#### How to complete this task:
Only one stretch of the data should be retyped: the lines from the line containing "a view of a" through the line containing "Two women doing a high five in bright office". Keep pictures out of it.

(Stored data entries)
************

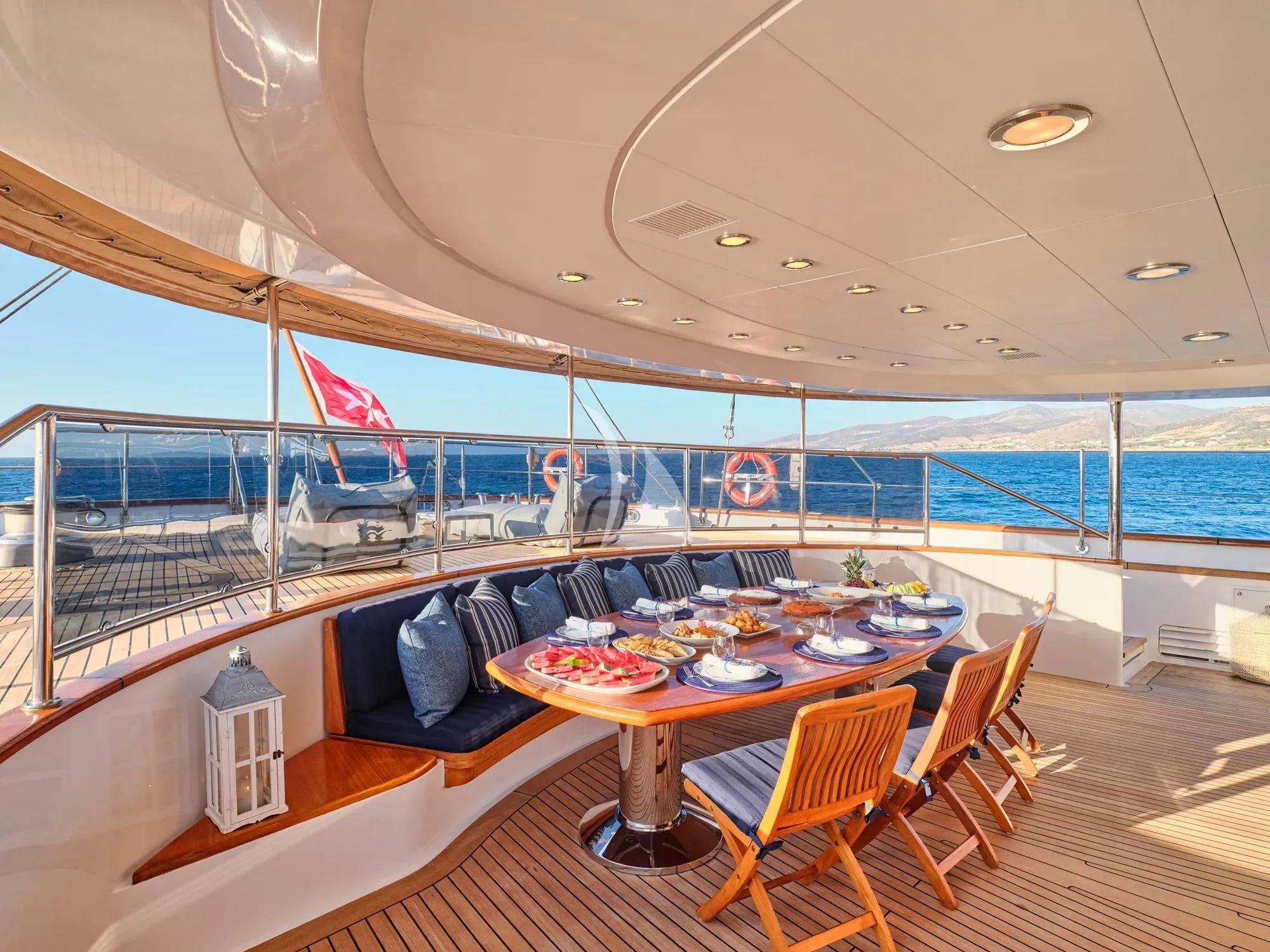 a dining table on a boat aboard BURRASCA Yacht for Sale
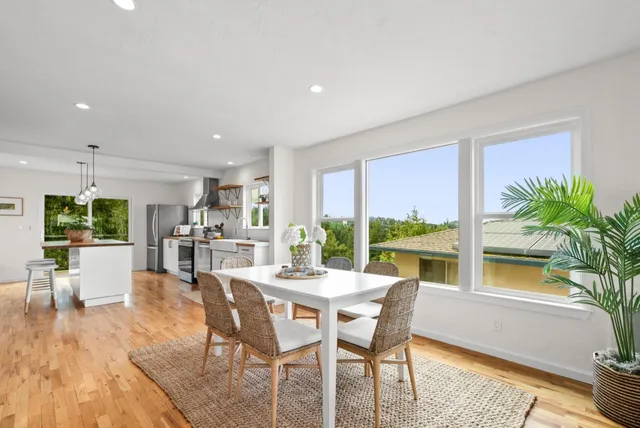 a view of a dining room with furniture window and wooden floor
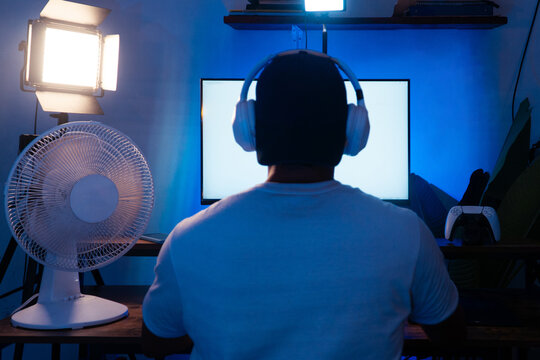 Person streaming video game in neon lit room
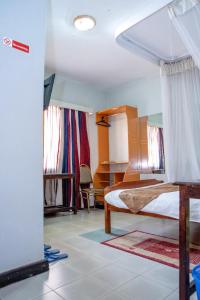 Postel nebo postele na pokoji v ubytování Jupiter Guest House - Parklands
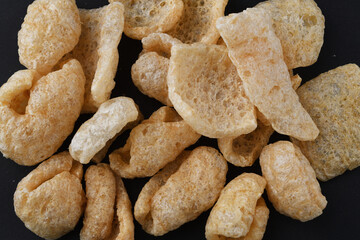 チチャロン　メキシコやフィリピンで食べられる豚の皮（豚皮）のスナック　黒背景 Chicharon　(chicharrón, chicharron), pork skin (pig skin) snack, eaten in Mexico and the Philippines, black background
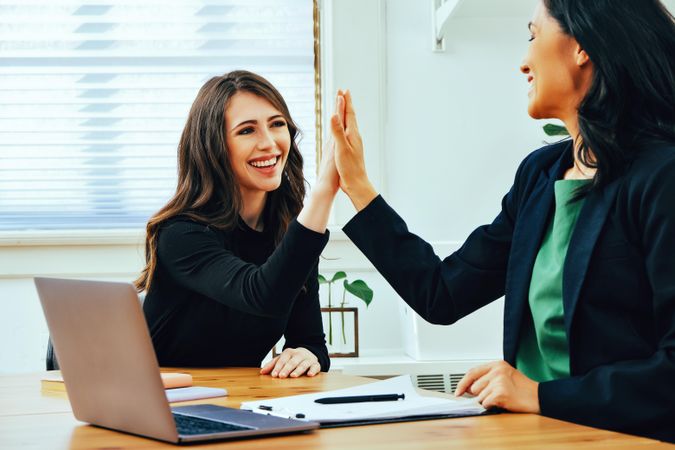 Two women doing a high five in bright office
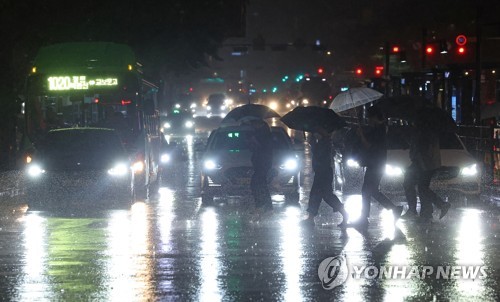 (서울=연합뉴스) 서울 전역에 호우주의보가 발효 중인 4일 오후 서울 광화문 광장에서 시민들이 우산을 쓴 채 걸어가고 있다.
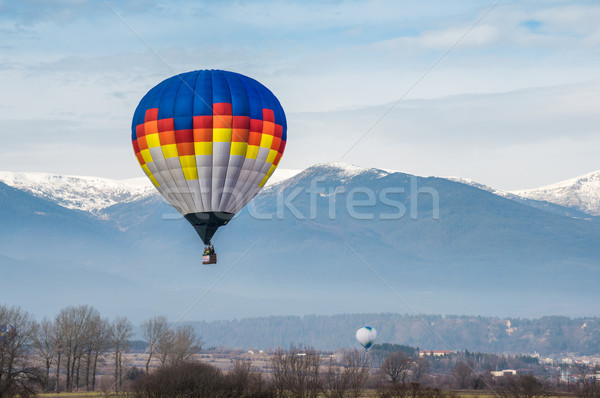 Multicolored Balloon in the blue sky Stock photo © deyangeorgiev
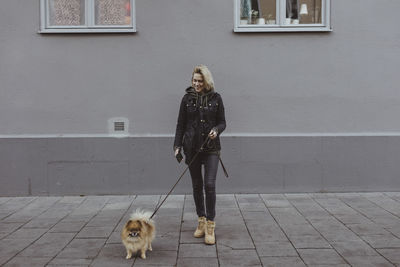 Full length of smiling woman standing with pomeranian dog on footpath against building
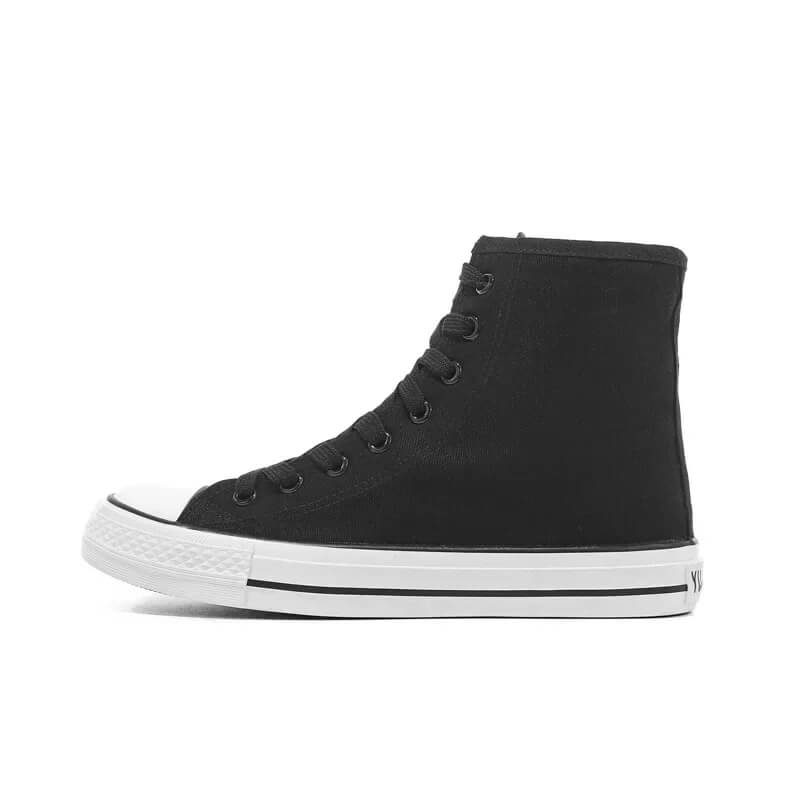 Black canvas mid-calf sneakers for women, perfect for a rock-inspired grunge style look.
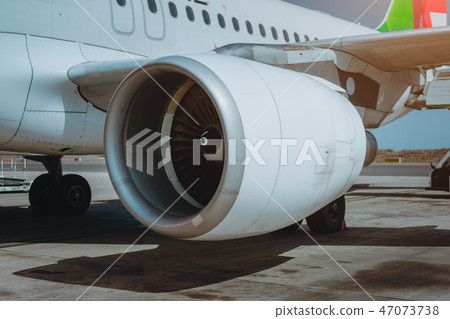 Turbine of passenger jet that waiting for departure in airport in warm afternoon light 47073738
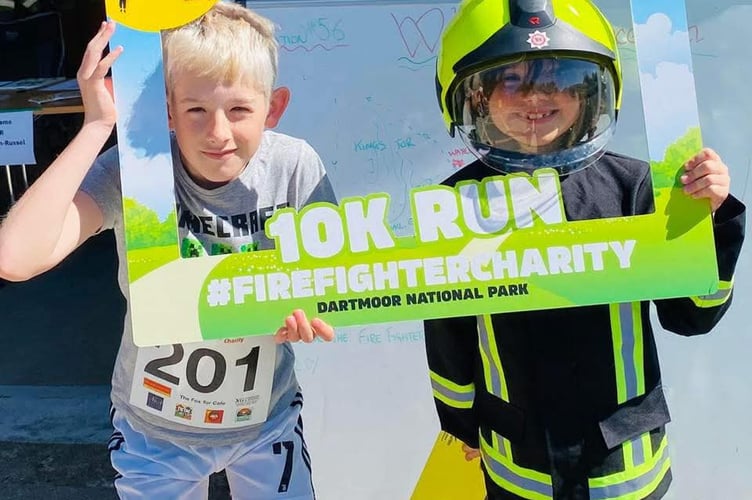 Harry Wildgoose, 11, (left) before his Princetown Fire Station 10km race.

************

#### Answer space:
 a view of a dining room with furniture window and wooden floor
 Person streaming video game in neon lit room
 Postel nebo postele na pokoji v ubytování Jupiter Guest House - Parklands
 チチャロン　メキシコやフィリピンで食べられる豚の皮（豚皮）のスナック　黒背景 Chicharon　(chicharrón, chicharron), pork skin (pig skin) snack, eaten in Mexico and the Philippines, black background
 Two women doing a high five in bright office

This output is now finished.